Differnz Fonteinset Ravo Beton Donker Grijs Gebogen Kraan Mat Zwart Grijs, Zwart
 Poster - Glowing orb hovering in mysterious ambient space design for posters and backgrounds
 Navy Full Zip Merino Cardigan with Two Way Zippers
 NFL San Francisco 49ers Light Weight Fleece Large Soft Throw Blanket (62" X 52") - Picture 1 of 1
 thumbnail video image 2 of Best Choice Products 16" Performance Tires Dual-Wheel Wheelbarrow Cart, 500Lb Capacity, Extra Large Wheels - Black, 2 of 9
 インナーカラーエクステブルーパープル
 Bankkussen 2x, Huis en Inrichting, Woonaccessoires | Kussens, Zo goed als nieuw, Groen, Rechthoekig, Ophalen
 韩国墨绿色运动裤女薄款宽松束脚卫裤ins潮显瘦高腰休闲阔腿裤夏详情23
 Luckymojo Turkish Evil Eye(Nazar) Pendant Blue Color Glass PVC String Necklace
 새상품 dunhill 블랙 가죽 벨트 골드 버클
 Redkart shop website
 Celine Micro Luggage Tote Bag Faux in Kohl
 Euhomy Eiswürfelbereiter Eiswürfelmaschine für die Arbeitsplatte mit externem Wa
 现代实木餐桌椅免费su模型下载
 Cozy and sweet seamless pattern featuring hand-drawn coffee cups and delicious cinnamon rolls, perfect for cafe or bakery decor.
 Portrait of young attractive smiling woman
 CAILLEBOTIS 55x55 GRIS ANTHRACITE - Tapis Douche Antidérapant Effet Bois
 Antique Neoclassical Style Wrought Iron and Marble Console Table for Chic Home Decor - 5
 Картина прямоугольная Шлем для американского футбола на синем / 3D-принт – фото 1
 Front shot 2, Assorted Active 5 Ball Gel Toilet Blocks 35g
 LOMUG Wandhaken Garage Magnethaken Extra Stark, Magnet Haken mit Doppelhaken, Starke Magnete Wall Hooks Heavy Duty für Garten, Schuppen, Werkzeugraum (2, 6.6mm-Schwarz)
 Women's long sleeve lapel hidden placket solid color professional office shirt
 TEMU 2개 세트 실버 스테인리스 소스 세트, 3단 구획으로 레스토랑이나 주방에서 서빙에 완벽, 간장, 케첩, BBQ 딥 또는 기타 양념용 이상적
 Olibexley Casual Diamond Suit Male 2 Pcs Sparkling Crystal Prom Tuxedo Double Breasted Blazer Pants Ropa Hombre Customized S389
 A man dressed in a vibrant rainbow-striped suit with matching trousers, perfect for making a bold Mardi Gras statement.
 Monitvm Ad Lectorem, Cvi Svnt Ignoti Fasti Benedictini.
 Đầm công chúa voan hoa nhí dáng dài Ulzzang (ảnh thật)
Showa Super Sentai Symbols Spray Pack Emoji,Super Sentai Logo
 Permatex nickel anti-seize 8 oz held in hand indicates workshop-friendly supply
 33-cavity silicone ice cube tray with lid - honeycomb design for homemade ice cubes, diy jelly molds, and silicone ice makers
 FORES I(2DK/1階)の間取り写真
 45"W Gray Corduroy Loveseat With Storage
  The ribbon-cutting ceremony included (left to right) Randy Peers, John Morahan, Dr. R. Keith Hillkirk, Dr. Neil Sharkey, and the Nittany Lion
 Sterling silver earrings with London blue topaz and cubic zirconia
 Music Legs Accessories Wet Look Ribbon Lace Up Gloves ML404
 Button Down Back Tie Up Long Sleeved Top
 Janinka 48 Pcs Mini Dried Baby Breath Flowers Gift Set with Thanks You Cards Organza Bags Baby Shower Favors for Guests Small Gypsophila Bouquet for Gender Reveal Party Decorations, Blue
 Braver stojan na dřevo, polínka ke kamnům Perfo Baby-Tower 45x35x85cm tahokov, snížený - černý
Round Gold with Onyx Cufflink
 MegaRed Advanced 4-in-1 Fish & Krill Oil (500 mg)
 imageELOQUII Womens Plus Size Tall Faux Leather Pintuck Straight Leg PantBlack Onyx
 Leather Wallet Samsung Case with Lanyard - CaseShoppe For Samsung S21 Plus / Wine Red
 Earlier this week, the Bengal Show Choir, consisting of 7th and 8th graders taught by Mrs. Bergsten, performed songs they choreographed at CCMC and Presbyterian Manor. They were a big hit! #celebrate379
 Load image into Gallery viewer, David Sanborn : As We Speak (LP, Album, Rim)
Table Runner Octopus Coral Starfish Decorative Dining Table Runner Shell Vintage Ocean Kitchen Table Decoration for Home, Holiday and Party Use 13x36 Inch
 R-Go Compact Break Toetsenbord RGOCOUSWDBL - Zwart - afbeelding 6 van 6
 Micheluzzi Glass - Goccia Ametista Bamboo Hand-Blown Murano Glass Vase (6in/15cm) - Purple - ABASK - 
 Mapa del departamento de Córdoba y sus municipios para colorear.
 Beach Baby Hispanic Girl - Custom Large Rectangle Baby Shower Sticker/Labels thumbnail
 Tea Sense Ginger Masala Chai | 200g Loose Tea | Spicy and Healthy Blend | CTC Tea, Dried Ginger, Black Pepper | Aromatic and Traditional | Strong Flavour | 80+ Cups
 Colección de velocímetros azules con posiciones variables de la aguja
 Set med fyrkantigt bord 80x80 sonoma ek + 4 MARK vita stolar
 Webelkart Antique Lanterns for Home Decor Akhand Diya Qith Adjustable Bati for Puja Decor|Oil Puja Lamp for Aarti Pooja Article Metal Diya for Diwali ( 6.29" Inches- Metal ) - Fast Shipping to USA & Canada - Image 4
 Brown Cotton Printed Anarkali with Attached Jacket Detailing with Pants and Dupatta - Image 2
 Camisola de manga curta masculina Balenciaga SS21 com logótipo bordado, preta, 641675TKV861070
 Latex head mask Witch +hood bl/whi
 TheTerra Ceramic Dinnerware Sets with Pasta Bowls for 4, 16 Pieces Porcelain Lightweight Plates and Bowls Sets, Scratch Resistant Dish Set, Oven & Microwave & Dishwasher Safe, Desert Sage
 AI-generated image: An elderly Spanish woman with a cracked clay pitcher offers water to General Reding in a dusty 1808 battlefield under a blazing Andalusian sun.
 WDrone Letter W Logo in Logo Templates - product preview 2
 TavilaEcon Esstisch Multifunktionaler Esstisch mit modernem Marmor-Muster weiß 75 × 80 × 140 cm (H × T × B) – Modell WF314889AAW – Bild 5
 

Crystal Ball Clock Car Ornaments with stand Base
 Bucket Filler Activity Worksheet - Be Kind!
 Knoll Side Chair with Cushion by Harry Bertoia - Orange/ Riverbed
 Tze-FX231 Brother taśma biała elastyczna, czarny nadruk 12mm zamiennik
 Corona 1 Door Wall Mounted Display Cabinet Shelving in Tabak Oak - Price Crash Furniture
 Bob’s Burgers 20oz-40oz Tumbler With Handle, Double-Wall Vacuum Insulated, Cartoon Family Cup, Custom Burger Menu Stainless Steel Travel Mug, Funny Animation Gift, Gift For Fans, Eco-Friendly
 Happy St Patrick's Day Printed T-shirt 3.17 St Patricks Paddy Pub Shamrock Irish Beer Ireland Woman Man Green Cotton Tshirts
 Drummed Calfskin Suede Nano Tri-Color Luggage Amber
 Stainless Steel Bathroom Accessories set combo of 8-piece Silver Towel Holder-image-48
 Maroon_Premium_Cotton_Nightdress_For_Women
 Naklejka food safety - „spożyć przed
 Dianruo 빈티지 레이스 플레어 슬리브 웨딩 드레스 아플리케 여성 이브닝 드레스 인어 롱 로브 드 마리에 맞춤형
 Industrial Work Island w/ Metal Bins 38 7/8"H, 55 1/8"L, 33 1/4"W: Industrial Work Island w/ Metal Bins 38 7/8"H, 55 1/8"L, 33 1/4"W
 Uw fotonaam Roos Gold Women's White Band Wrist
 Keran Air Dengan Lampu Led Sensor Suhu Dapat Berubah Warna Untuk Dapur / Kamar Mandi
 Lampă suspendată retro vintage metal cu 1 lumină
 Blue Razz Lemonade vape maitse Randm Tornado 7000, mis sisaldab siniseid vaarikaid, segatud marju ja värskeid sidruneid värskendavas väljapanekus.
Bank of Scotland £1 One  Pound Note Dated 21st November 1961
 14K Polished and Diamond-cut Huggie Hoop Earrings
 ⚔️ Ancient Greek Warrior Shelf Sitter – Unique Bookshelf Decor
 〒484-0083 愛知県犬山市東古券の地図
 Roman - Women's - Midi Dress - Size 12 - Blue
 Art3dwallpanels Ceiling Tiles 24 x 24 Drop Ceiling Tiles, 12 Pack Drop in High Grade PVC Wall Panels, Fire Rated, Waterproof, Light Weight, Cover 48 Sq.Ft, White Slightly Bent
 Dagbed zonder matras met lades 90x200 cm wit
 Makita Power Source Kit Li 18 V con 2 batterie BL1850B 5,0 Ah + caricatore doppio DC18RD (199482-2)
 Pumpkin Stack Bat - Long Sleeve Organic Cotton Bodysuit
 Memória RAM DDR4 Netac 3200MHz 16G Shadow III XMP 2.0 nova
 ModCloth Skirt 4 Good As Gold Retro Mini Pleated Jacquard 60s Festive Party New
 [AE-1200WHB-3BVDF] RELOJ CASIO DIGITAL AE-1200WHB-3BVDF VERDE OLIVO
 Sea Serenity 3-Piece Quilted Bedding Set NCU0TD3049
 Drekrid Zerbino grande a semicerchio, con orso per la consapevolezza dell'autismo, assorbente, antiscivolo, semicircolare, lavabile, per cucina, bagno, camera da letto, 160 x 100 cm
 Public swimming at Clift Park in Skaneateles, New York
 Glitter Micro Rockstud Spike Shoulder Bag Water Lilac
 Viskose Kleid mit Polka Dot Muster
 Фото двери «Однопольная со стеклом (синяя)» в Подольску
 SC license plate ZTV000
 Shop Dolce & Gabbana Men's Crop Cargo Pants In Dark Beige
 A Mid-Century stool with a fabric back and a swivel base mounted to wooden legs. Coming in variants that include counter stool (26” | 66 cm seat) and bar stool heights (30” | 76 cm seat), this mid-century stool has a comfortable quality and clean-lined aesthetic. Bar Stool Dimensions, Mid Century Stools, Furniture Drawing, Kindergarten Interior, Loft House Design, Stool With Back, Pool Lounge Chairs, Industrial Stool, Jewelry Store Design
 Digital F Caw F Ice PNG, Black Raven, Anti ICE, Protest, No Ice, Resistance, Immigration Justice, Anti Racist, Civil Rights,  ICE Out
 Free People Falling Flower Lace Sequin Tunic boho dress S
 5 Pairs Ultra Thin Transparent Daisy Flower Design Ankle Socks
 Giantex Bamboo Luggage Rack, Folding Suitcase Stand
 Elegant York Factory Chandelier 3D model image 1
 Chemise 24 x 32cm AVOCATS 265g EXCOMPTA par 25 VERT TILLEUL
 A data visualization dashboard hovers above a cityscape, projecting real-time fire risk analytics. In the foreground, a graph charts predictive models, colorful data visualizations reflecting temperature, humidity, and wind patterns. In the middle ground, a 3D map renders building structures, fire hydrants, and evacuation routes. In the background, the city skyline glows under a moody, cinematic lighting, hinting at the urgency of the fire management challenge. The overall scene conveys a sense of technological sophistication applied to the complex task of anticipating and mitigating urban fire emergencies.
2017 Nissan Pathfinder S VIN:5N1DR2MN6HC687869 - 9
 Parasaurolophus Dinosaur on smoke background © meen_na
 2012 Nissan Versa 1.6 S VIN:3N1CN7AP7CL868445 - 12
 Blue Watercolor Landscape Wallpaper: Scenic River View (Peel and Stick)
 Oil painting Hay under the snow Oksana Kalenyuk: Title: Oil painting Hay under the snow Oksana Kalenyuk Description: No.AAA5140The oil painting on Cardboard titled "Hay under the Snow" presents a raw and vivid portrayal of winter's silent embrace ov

········

» What is needed
Report all lines of the data that include the word "Gift".

» Answer box
 Janinka 48 Pcs Mini Dried Baby Breath Flowers Gift Set with Thanks You Cards Organza Bags Baby Shower Favors for Guests Small Gypsophila Bouquet for Gender Reveal Party Decorations, Blue
 Bob’s Burgers 20oz-40oz Tumbler With Handle, Double-Wall Vacuum Insulated, Cartoon Family Cup, Custom Burger Menu Stainless Steel Travel Mug, Funny Animation Gift, Gift For Fans, Eco-Friendly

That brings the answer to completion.